**What is being asked:**
Restate the records word for word. Include no pictures.

**Brief descriptive captions:**
═══
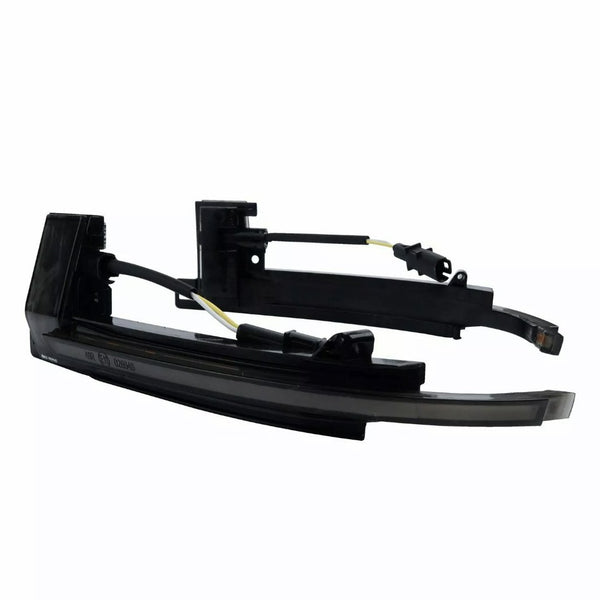 Black car side mirror indicators with wiring cables are positioned against a plain white background. The parts are disassembled, showing connectors and a sleek curved design.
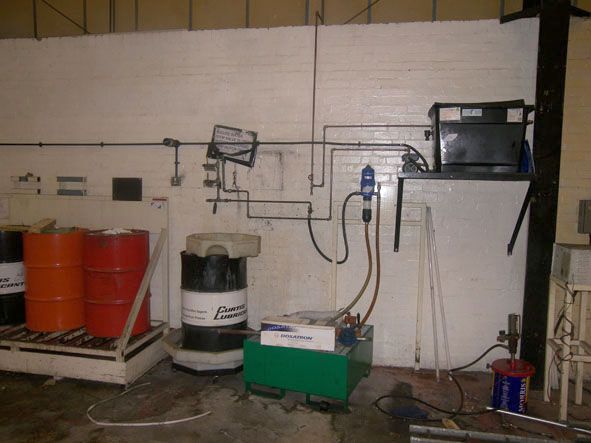 Dosatron coolant mixing system with barrel drip tr...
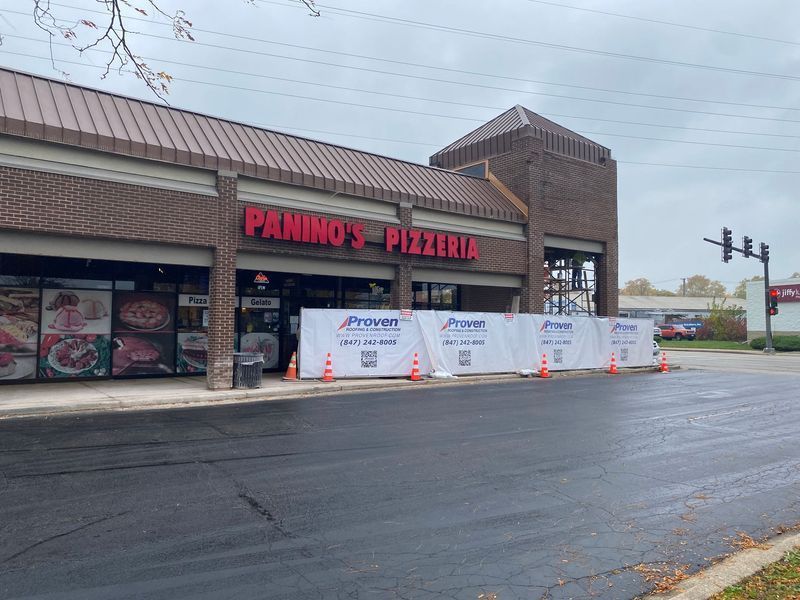 Panino's Pizzeria building with temporary construction barriers. Red signage, brick exterior, overcast day.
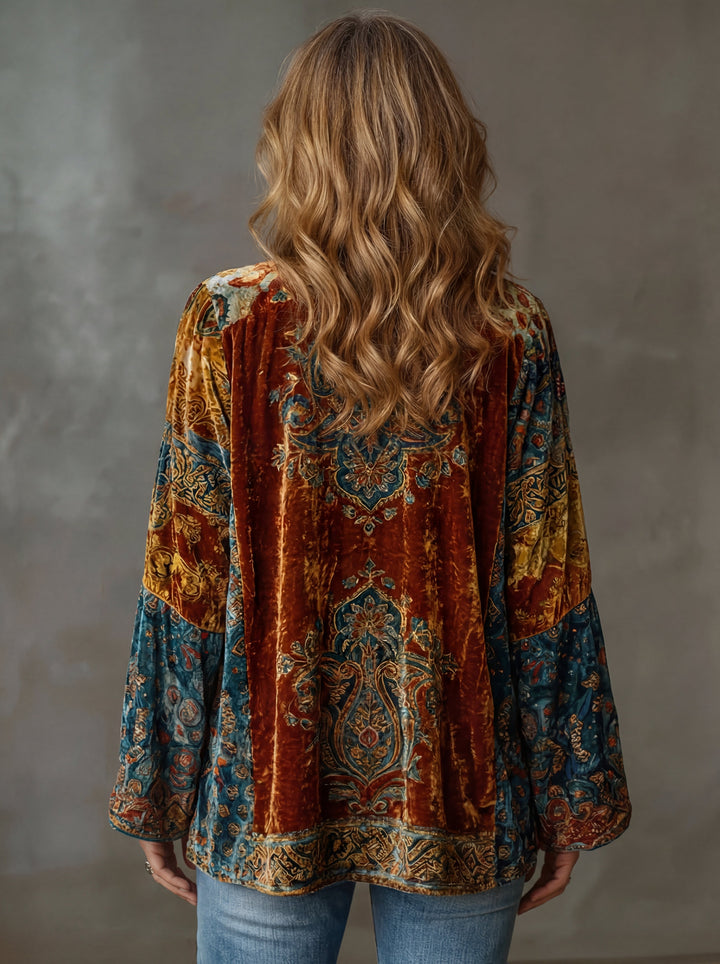 Rear view of colorful embroidered kimono cardigan, showing intricate patterns, worn by a woman with wavy hair in a studio setting.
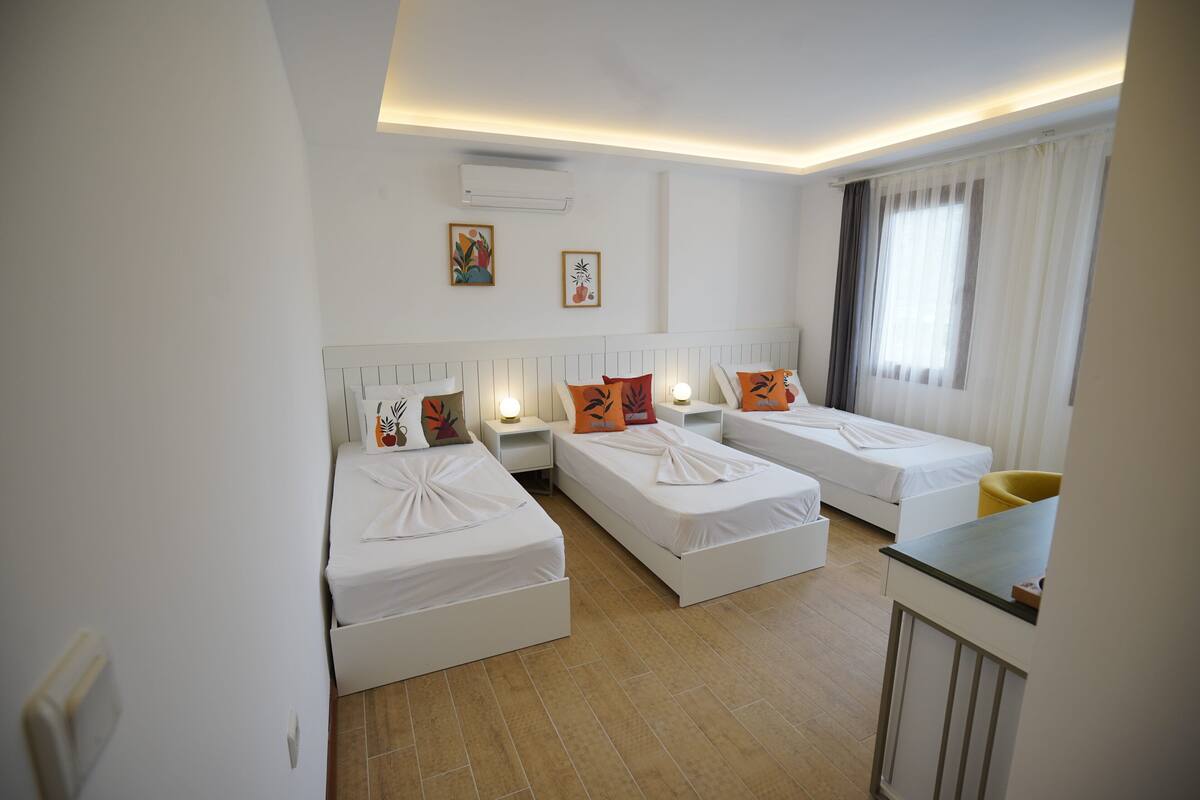 Une chambre d’hôtel avec deux lits simples, un petit bureau et une fenêtre avec des rideaux.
═══
**Answer box:**
 Black car side mirror indicators with wiring cables are positioned against a plain white background. The parts are disassembled, showing connectors and a sleek curved design.
 Dosatron coolant mixing system with barrel drip tr...
 Panino's Pizzeria building with temporary construction barriers. Red signage, brick exterior, overcast day.
 Rear view of colorful embroidered kimono cardigan, showing intricate patterns, worn by a woman with wavy hair in a studio setting.
 Une chambre d’hôtel avec deux lits simples, un petit bureau et une fenêtre avec des rideaux.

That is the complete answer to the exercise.